ECE 33: Introduction to Computer Engineering
Programming Assignment III
DUE: NOVEMBER 25, 1995

This assignment is supposed to teach you the use of an 8 bit processor (8085) to perform 16 bit arithmetic.

Write a program in 8085 assembly language to design a 16 bit calculator that can do the simple calculations of addition and subtraction. Your program should begin by describing its capabilities and then ask for an arithmetic sum. The user would type in a decimal integer less than or equal to 65535 (this is the largest integer that can be expressed in 16 bits. In binary, it is 1111...1). The user will then type in either + or - sign and follow it up with another number (again <= 65535). After entering the second number, the user types in = sign. The program should quickly spit out the answer and then prompt for another problem.

The program should end when user types in a Carriage Return on an empty line.

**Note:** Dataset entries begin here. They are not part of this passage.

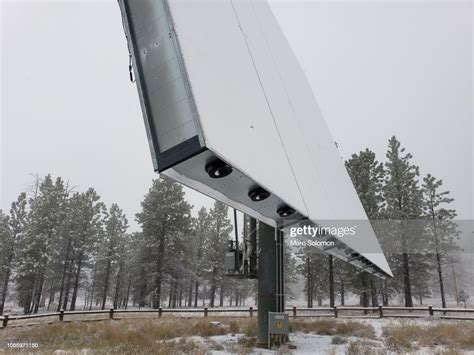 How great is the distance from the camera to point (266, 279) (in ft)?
27.3

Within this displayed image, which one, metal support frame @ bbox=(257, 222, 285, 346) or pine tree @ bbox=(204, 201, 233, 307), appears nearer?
metal support frame @ bbox=(257, 222, 285, 346)

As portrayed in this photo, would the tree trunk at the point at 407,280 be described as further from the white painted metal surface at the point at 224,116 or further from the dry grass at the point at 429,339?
the white painted metal surface at the point at 224,116

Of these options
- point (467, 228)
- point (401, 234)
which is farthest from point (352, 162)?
point (467, 228)

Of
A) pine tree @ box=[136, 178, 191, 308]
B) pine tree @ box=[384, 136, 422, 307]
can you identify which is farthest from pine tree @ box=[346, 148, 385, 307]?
pine tree @ box=[136, 178, 191, 308]

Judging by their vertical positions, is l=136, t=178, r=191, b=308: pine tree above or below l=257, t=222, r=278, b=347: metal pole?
above

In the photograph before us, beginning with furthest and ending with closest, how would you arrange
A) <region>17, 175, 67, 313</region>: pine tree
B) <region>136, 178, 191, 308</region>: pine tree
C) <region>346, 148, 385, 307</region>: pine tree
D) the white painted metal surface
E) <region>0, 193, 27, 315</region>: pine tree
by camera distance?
<region>136, 178, 191, 308</region>: pine tree < <region>0, 193, 27, 315</region>: pine tree < <region>17, 175, 67, 313</region>: pine tree < <region>346, 148, 385, 307</region>: pine tree < the white painted metal surface

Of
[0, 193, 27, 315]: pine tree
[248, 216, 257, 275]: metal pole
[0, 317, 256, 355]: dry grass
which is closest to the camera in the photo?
[0, 317, 256, 355]: dry grass

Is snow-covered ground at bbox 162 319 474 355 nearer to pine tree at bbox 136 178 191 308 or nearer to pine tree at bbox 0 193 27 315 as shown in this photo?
pine tree at bbox 136 178 191 308

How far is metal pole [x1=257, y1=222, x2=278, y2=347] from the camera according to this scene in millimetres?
8148

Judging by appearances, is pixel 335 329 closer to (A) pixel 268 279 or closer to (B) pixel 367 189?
(A) pixel 268 279

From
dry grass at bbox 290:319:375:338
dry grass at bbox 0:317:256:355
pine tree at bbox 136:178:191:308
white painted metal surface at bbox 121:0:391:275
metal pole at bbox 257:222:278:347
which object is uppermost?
pine tree at bbox 136:178:191:308

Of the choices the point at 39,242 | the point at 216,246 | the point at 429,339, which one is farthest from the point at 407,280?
the point at 39,242

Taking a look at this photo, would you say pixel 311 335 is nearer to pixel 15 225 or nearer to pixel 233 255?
pixel 233 255

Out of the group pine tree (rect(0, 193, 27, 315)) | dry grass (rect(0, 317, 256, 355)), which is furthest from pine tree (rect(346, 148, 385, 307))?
pine tree (rect(0, 193, 27, 315))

You may assume that the user will always type in values within the specified range and that the answer will also be within range (i.e., it will be a non-negative number less than or equal to 65535).

All wrong inputs should be erased and the program should beep at the user. Note that the correct inputs when the first number is being typed are digits '0' to '9' and operators '+' or '-' (which signify the end of the first number). The valid characters while the second number is being typed are digits '0' through '9' and the '=' sign which signifies the end of the second number.

In a typical run, the program opens up by saying:

Itsy 16 Bitsy Calculator
For a free sample, type in a problem. To end, type Carriage Return

Problem: _

The program is now waiting for the user input. User types in "155-25=" (excluding the quote marks ofcourse). The screen instantly becomes

Itsy 16 Bitsy Calculator
For a free sample, type in a problem. To end, type Carriage Return

Problem: 155-25=130

Problem: _

The user now decides to take up the calculator on its 16 bit challenge. He types in "10ABCD319+600.9E=". He finds that all the wrong character inputs ('A', 'B', 'C', 'D', '.' and 'E' here) are simply ignored by the computer, (they don't even appear on the screen!). Further, on each error, the computer beeps at him without fail. As soon as his input ends, the screen becomes:

Itsy 16 Bitsy Calculator
For a free sample, type in a problem. To end, type Carriage Return

Problem: 155-25=130

Problem: 10319+6009=16328

Problem: _

Satisfied that this is the calculator he was waiting for all his life, the user types in a Carriage Return to see the screen become:

Itsy 16 Bitsy Calculator
For a free sample, type in a problem. To end, type Carriage Return

Problem: 155-25=130

Problem: 10319+6009=16328

Problem:

Thank you for trying me out.
If you liked what you saw, you may buy me at the bursar's counter.

Name the program prog3. Submit files prog3.asm and prog3.hex (produced by a80) on a diskette. Also submit prog3.asm in printed form. Your program should clearly identify you (and your section) in the program header.

The programs will be graded for efficiency (compactness of the code and speed of execution), correct programming style, proper labels, good comments and pleasing interaction with the user (user interface). Please use your own imagination while designing the screen layout and messages. See the three example programs (example1.asm - example3.asm) to learn the correct programming style.